Was bleibt von einem Leben? In Josef Weidners Fall sehr viel. Eine tiefe Verbundenheit zur Heimat. Der Blick hinauf zum Rauhen Kulm, den er als Sinnbild für „Heimat“ empfindet. „Für mich ist der Rauhe Kulm Heimat“, sagt Josef. „Wir haben dort als Kinder gespielt, Gänse gehütet. Unheimlich war's mir nie. Nur schön.“ Die Erinnerungen an eine Kindheit voller Arbeit, aber auch voller Wärme. Und der Wunsch, dass das, was einst aufgebaut wurde, nicht verloren geht. „Abschaffen geht schnell“, sagt er nachdenklich. „Aber wieder einführen – das ist schwer.“ Deshalb ist es ihm ein Herzensanliegen, dass die Traditionen des Erntedankzugs weiterleben.
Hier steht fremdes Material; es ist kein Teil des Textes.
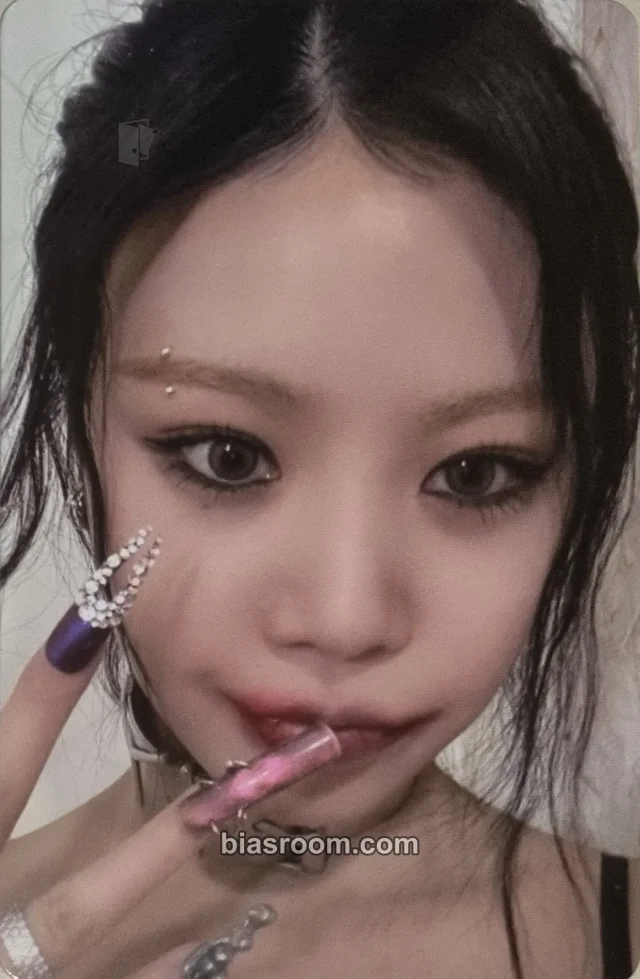 Soojin - Soojin - RIZZ Album poca album album photocard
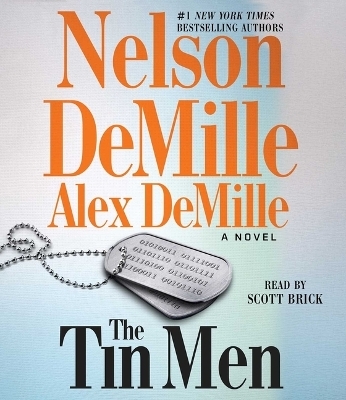 The Tin Men - Nelson DeMille, Alex DeMille
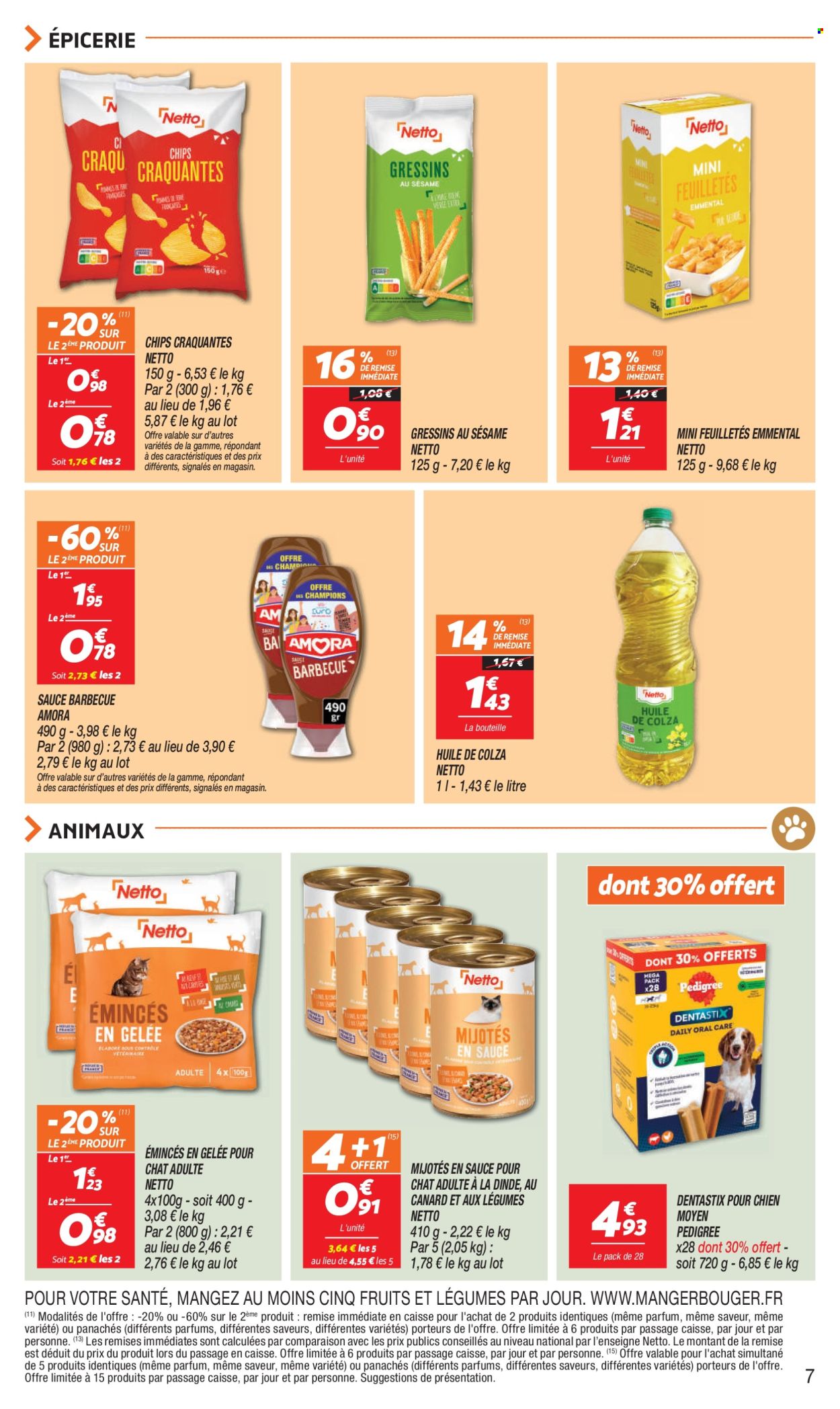 Catalogue Netto - 08/07/2025 - 14/07/2025. Page 7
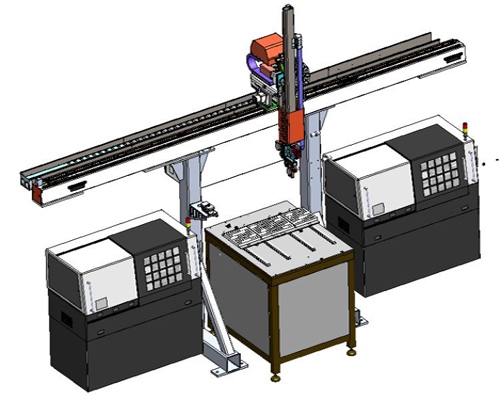 桁架机械手的优势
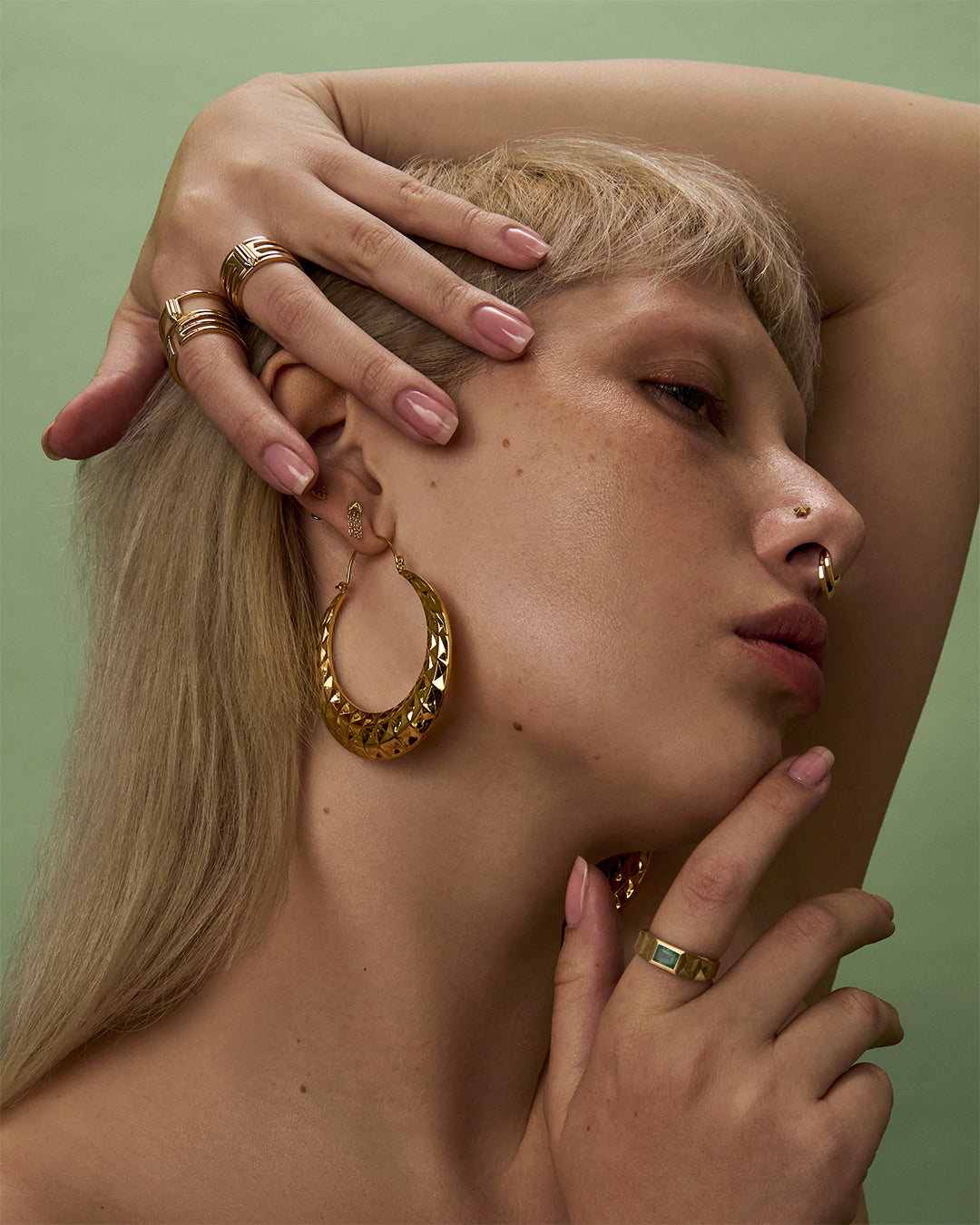 Modern Hoops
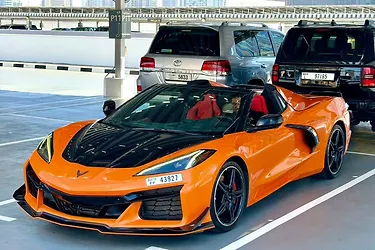 2022 CHEVROLET CORVETTE 3LT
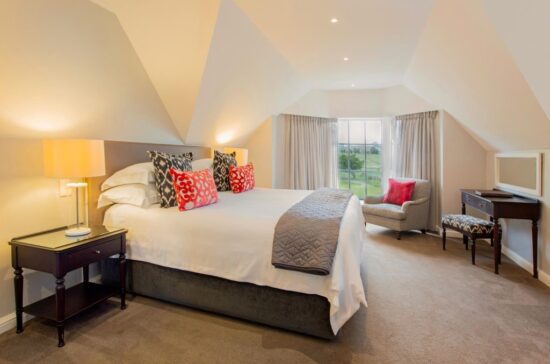 7 nuits avec petit-déjeuner à l'hôtel Fancourt, y compris 7 Green Fees par personne (terrains de golf Outeniqua & Montagu)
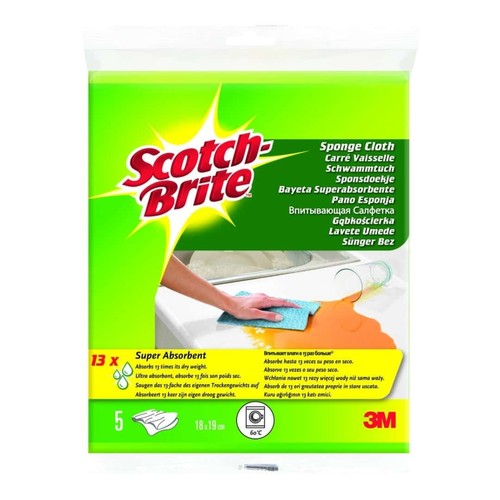 Schwammtuch scotch brite - schwammtuch,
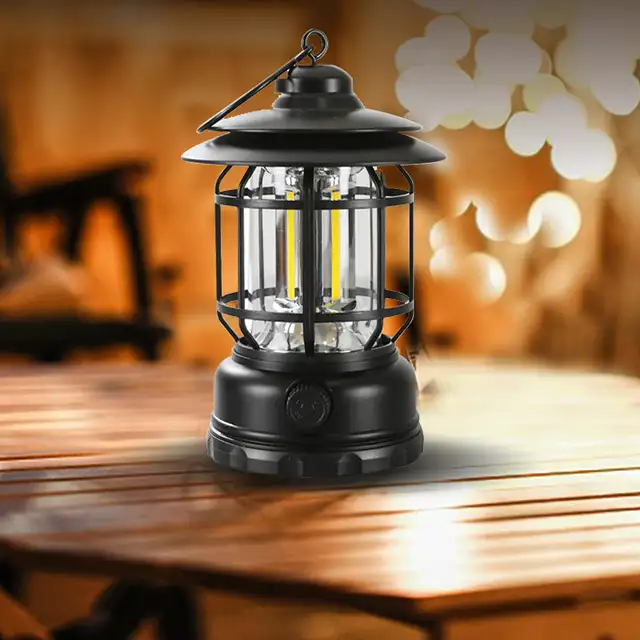 Rechargeable Outdoor  Camping Lights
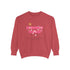 Mommy Hood Unisex Garment-Dyed Sweatshirt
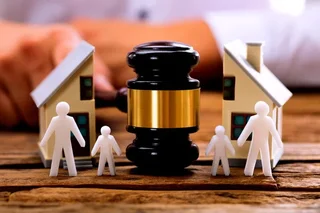Where will the funds of the Alimony Payments Fund go?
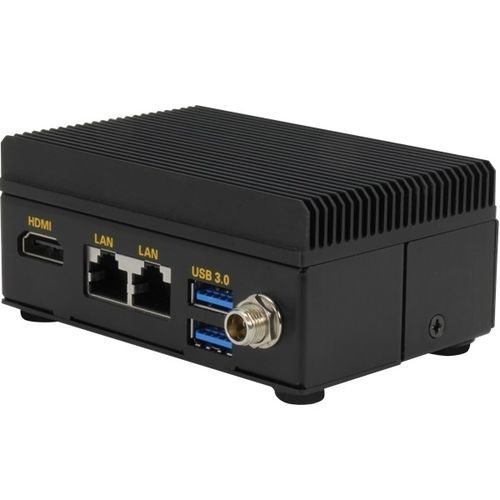 Computador box - de next-TGU8-EZBOX - AAEON - Intel® Core™ de 11ª geração / Intel® Tiger Lake-UP3 i3-1115G4E de 11ª geração / Intel® Core™ i5-1145G7E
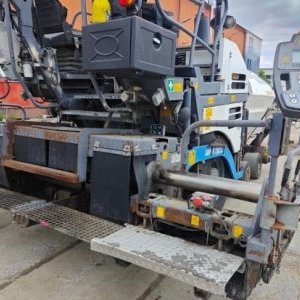 foto 10t układarka do asfaltu 4.2m Vögele Super 1303-2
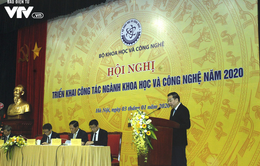 Hội nghị triển khai công tác ngành khoa học và công nghệ năm 2020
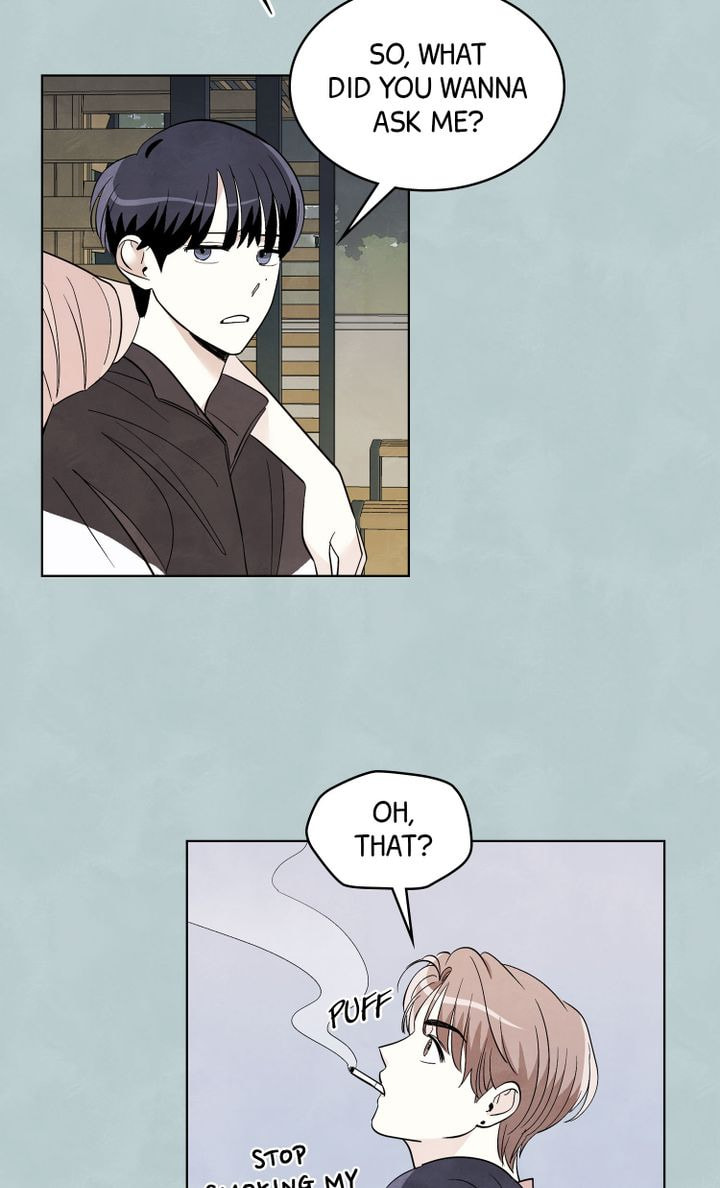 Stargazing Dog Chapter 25 page 44 -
Dass sie gepflegt, geschützt, gefeiert werden.

Am 14. September wird er nun, wenn nichts dazwischen kommt, mit seiner Betty in der Pferdekutsche sitzen – und mit einem warmen Lächeln den Applaus der Menschen am Straßenrand entgegennehmen. Es ist nicht nur eine Fahrt durch Kastl. Es ist eine Fahrt durch ein Leben voller Einsatz, Glaube und Menschlichkeit.

Kurze Anekdoten aus dem Leben des Josef Weidner

Beim Festumzug 1968 in Kastl stellten sich zwei Handwerksburschen während der Festrede von Bürgermeister Wagner links und rechts neben ihn ans Rednerpult und zogen Grimassen. Der Redner kam völlig aus dem Konzept, das Publikum hatte seinen Spaß. Josef stand derweil beim Rapswirt unter der Tür und konnte sich das Lachen kaum verkneifen.

Bei einer Wallfahrermesse in der Basilika von Gößweinstein wollte ein Pfarrer den Auftritt eines Gefangenenchors nicht dulden. Josef geriet in Rage, „hätte ihn fast aus der Sakristei geworfen“. Am Ende, nachdem der Pfarrer den Auftritt des Chores doch zuließ, war es ein bewegender Gottesdienst, den der Geistliche mit einer Lobrede auf den Chor beschloss.

Ein anderes Mal fiel bei einem Wallfahrergottesdienst einmal kurzfristig ein Pfarrer aus. Josef stimmte kurzerhand einen Wortgottesdienst an. Ein Anrufer petzte beim Pfarrer Gebert in Kastl: „Der Weidner hält dort eine Messe!“. Pfarrer Gebert konnte nicht glauben was er hörte, und stellte Weidner zur Rede. Als dieser hörte, dass es nur ein Wortgottesdienst war, klärte sich die Situation schnell.

In jungen Jahren fuhr Josef mit dem Unimog durch die Dörfer und sammelte für den Kemnather Milchhof die Milchkandeln ein. Man kann sich denken, was er hier alles erlebte und was ihm die Bauern am Milchbankl alles erzählten oder von ihm wissen wollten. Später war er bis zum Eintritt in den Ruhestand Bierfahrer bei der Klosterbrauerei Kemnath.